This document is intended to describe the current architecture of libevent. This information will be necessary to complete implementation and to understand how the library works, and will serve as the first draft of the interface documentation.
The basic libevent architecture consists of two pieces. The first piece is the library itself, which implements the basic API that the caller uses. Most of those API calls will call further into a backend engine--libevent's term for the piece of code wrapped around poll() or other similar interfaces. At this time, all available engines will be compiled in to the library, but future versions of libevent may use dynamically loaded modules for this.
The basic API consists of four major subdivisions: event, socket, signal, and timer. Each function has a prefix derived from the subdivision it acts upon--for instance, all functions that manipulate sockets have the prefix "socket_" (possibly preceeded by an "_" if the function is not intended to be used by the caller). These subdivisions are documented below.
Each engine has a textual name that describes what interface it uses. For instance, the engine based on Solaris's /dev/poll interface has the name "/dev/poll," whereas the engine based on poll() is named "poll()." In the source tree, each engine is contained in a single file. This file contains a struct _event_engine, which contains the textual name for the engine, as well as function pointers for the various functions the engine must implement.
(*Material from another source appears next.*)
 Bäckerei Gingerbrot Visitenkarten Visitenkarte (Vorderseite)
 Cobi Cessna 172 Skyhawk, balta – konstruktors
Engines do not need to worry about the implementation of timers--those details are handled by the library itself. Engines have the option of handling signals--this functionality is used by the kqueue()-based engine, for instance. Engines must be prepared to not have to deal with signals.
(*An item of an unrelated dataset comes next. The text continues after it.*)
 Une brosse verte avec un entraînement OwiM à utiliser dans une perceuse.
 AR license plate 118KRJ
What all of this means is that engines are wrapped around an interface specifically geared to sockets and pipes. All engines must define functions to add, modify, and delete a socket, as well as a function that performs a timed poll. There is also an initialization and finalization function, which may be used by the engine to manage any necessary memory for the engine.
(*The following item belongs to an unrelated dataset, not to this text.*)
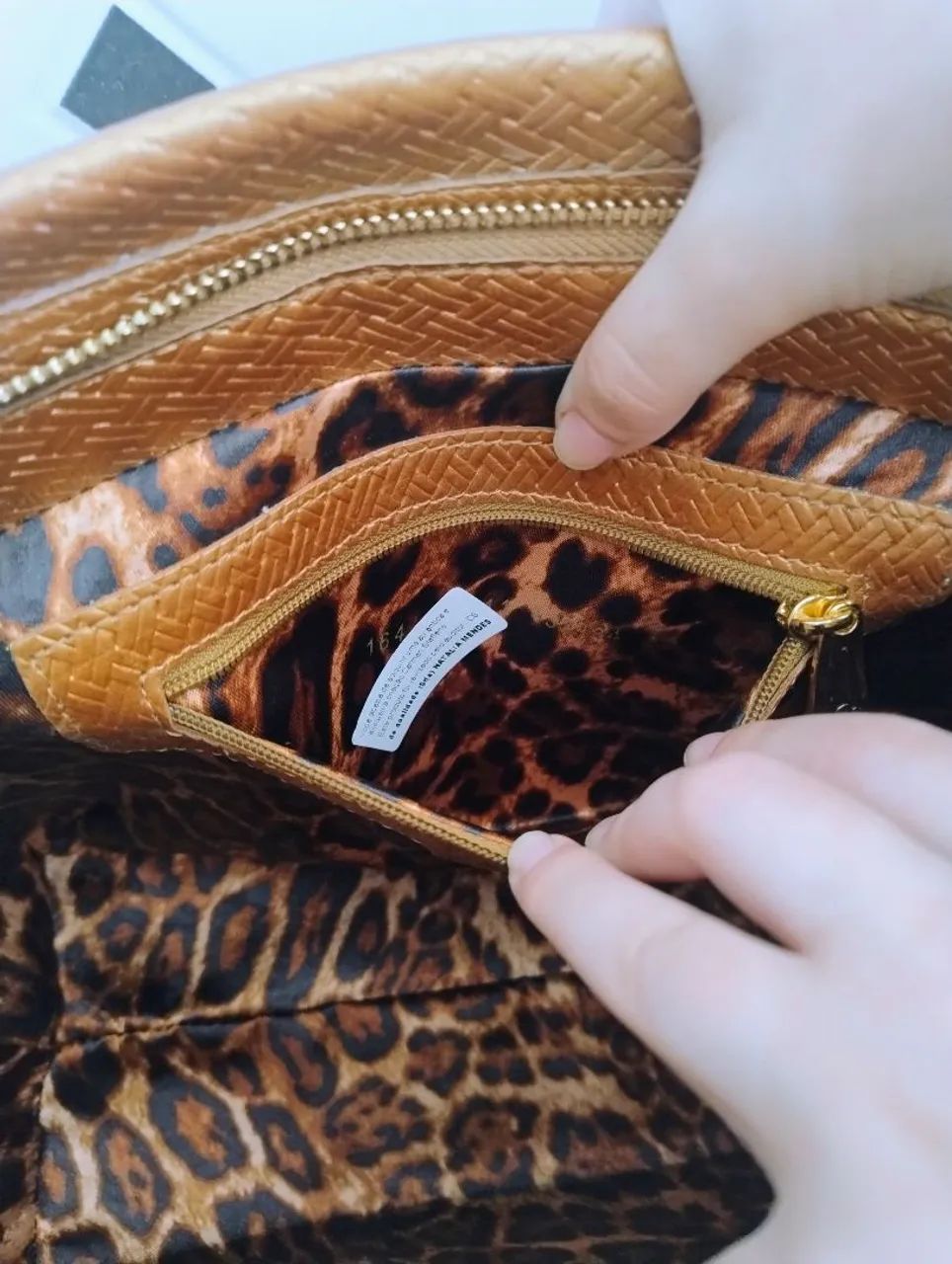 BOLSA ORIGINAL CARMEN STEFFENS NATURAL LEATHER - Bolsas, malas e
The Event Library calls the engine's poll function in a loop, passing it an argument to indicate how long the poll function may sleep. When the engine's poll function indicates network events, it must process the pipes and sockets in question to determine what events have occurred and dispatch the appropriate event, generally by calling _socket_event(). If the engine is detecting signals, though, it should call _event_generate().
Engines that can catch signals should also provide the functions to add and delete signals, and should be prepared to permit the library to handle signals itself. This will generally only occur when threading is in use: See the section on threading behavior below.
The most important part of the Events Library is, well, events. Events are described by the type Event--pointers to structures of this type are passed to the event handlers declared by the caller. The functions in this class are event_init(), which initializes the library and allocates a context; event_loop(), which is the core event loop; event_shutdown(), which is called to shut down the event loop; event_cleanup(), which is called to deallocate any memory that the Events Library is caching; and event_destroy(), which is called to destroy and deallocate the event context. Additionally, there is a function, event_type_name(), which retrieves the name for an event of a given type, and engine_name(), which retrieves the name of the running engine.